No meio do frenesim mediático, Thokozile Masipa mantém-se serena. Pequena, de ar frágil, move-se com alguma dificuldade devido a uma artrite. É tratada por ‘my lady’ tanto pela defesa como pela acusação, escuta atentamente as partes. Na justiça sul-africana, carrega o rótulo de imparcial: “É firme e digna. Trabalha imenso”, elogiou ao sul-africano The Times um advogado daquele país.

Vingar no apartheid

À partida, as probabilidades estavam contra a jovem Thokozile, uma adolescente no dia em que Nelson Mandela foi condenado a prisão perpétua por se ter insurgido pelas armas contra o regime racista vigente na África do Sul.

Cresceu nas favelas do Soweto, junto a Joanesburgo, numa pequena casa que partilhava com pais e irmãos. Como o resto da população negra na época, não teve a escolha de viver, estudar, passear, almoçar, jantar ou andar nos transportes que lhe apetecesse. Fez-se mulher no país onde a minoria branca ditava o que podia e não podia fazer a maioria negra. Mas também se fez fura-vidas.

Estudou e arranjou trabalho como jornalista no semanário The Sowetan. A cobrir a área do crime, deparou-se com histórias de injustiça que imperavam num país onde o juiz branco repetidamente sentenciava o réu negro. Cedeu ao fascínio da lei: trocou a vida de repórter pela de estudante de Direito e avançou na carreira até, em 1998, se ter tornado a segunda juíza negra de uma África do Sul que já tinha abolido o apartheid.

Era uma mulher madura, com mais de 50 anos, mãe de um rapaz, e tinha uma maior responsabilidade nas mãos: de igual para igual, podia julgar, condenar, absolver a esmagadora maioria dos que se sentavam no banco dos réus – negros, como ela. Porque ali a mesma cor da pele ainda era sinónimo de uma maior justiça e confiança.
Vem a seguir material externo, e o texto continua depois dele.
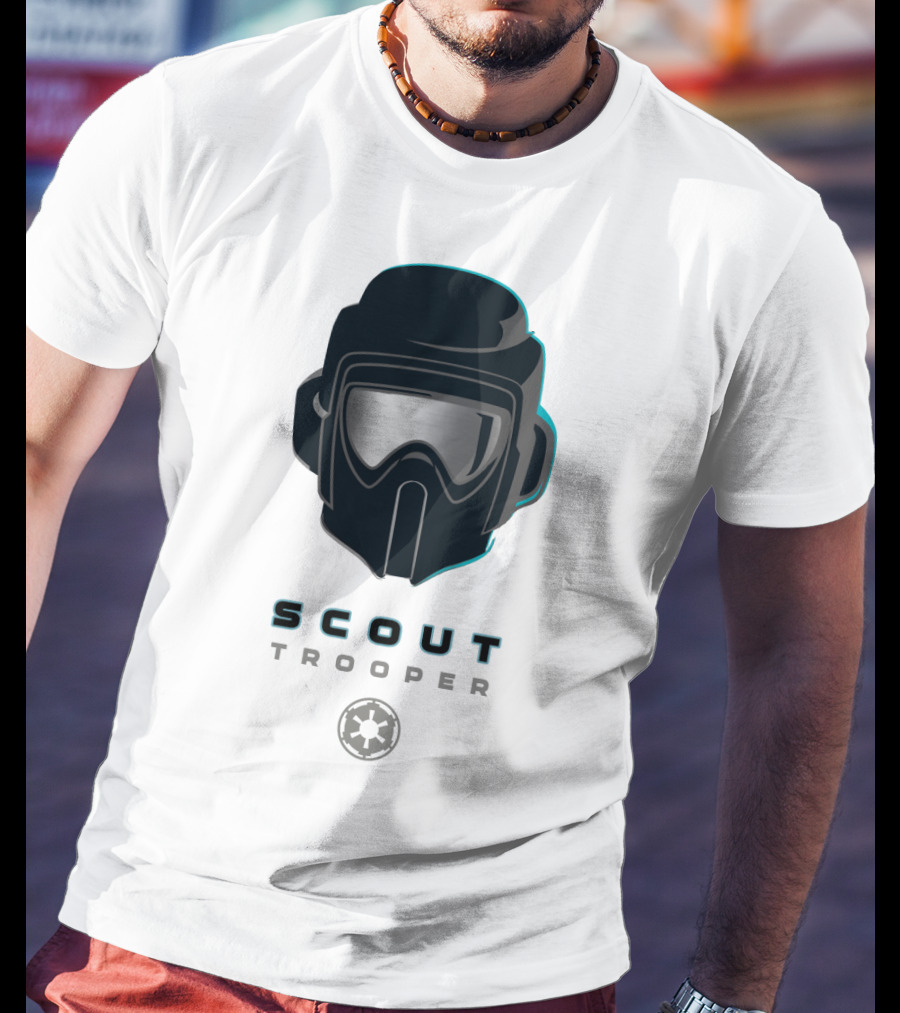 Scout Trooper Helmet With Galactic Empire Emblem T-Shirt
Mão pesada contra a violência

Fez o seu caminho. “De certeza que quando estudou Direito era a pessoa mais trabalhadora da turma. E como juíza ninguém duvida da sua seriedade ou imparcialidade”, garantiu ao El País outro jurista sul-africano.

Em Maio do ano passado, condenou a 252 anos de cadeia um homem acusado de assaltar e violar três mulheres. A juíza justificou a pena pela ausência de arrependimento do réu e pelo trauma com que as vítimas terão de lidar até ao fim da vida: “O pior, do meu ponto de vista, é que atacou e violou as vítimas no santuário das suas próprias casas, onde elas achavam que estavam seguras”.

Também sem contemplações, em 2009 ordenou outra sentença de prisão perpétua a um polícia que matou a tiro a ex-mulher, com quem tinha desentendimentos sobre o acordo de divórcio. “Ninguém está acima da lei. O senhor merece ir preso para sempre porque não é um protector. É um assassino”, sublinhou.

Inflexível em casos de violência contra mulheres, a reservada Thokozile Masipa, de 66 anos, vai ditar o futuro de Oscar Pistorius. Se ficar convencida de que este teve intenção de matar a namorada, como alega a acusação, a pena pode ser perpétua. Se acreditar na tese da defesa, de que foi um acidente, o crime pode passar a homicídio por negligência: aí a pena será à discrição da juíza.